Marriage goes way back. Way back so much so, it is accepted traditionally everywhere without question. And no doubt, marriage can be beautiful, but like a two-edged sword, it can destroy one if not handled properly, and by properly, I mean consciously.

This is the basis upon which marriage should be entered – consciously. Now, as regards marriage, one cannot claim to be conscious if one is emotionally ill or unstable. One has to be grounded emotionally. One has to see clearly. But there are faulty beliefs we have come to accept as truth without questioning them. And one of them is that at some point in life, we have to settle down, meaning we have to get married. If one gets married out of pressure or societal influence, the marriage, in most cases, tends to fail.

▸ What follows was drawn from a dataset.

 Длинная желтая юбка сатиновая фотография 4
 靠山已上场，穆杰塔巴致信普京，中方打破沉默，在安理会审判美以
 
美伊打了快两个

It is one thing to be in love and another to get married. The jackpot is won when two conscious beings who are in love get married. But herein lies the irony. When one understands the true meaning of love, they realize that marriage is not necessary to solidify their love. Love is organic. It needs space to blossom, but marriage, more often than not, becomes a prison, and nothing can actually grow in a cage, even if the cage is made of gold. Now, I should not be misunderstood. Marriage is a wonderful institution. But the joke has always been, “Who wants to live in an institution?” This is why, before marriage, both parties should be mature enough to know the requirements. Know what marriage actually entails, and the only way a marriage can truly blossom is when love is the foundation, when there is freedom. For love needs space to breathe.

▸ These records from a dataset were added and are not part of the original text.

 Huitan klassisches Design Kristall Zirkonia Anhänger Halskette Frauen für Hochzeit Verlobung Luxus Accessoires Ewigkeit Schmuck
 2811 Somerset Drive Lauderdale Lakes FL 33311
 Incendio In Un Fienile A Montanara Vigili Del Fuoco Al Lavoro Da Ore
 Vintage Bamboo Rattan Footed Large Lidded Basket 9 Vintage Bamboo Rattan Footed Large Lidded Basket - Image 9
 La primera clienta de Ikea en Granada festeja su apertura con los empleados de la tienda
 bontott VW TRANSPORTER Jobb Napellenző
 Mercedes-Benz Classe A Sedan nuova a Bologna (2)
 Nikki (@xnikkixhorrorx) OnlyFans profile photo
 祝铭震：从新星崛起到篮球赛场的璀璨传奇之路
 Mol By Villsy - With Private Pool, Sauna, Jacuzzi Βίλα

Marriage is a contract. But love cannot be contracted. True love is like the fragrance of a flower. The flower does not say, I will only exude my fragrance if a saint passes by. No! The flower exudes its fragrance whether someone is there or not. The flower does not make a contract with Nature, saying, “I will only exude my fragrance when a beautiful woman passes by.” This is the true concept of love. It records no scores. It does not require anything in return. If someone is around to enjoy the scent of the flower, good. If no one is there, it is just as good. The flower simply blooms because it is in its nature to bloom. Likewise, true love does not require any contract. True love is a state of being. It is not a verb; it is a noun. It is not something we do, it is what we are. It is only when marriage is entered into in this kind of consciousness that the marriage is legit. But the moment true love is missing in the equation, marriage becomes null and void, even though it is accepted by society and the government. It is this missing element that has caused the disintegration of marriages we see all over the world. People enter marriage from a lower state of consciousness and expectations. But when both parties are spoiling each other with understanding, tolerance, and acceptance, the marriage blooms.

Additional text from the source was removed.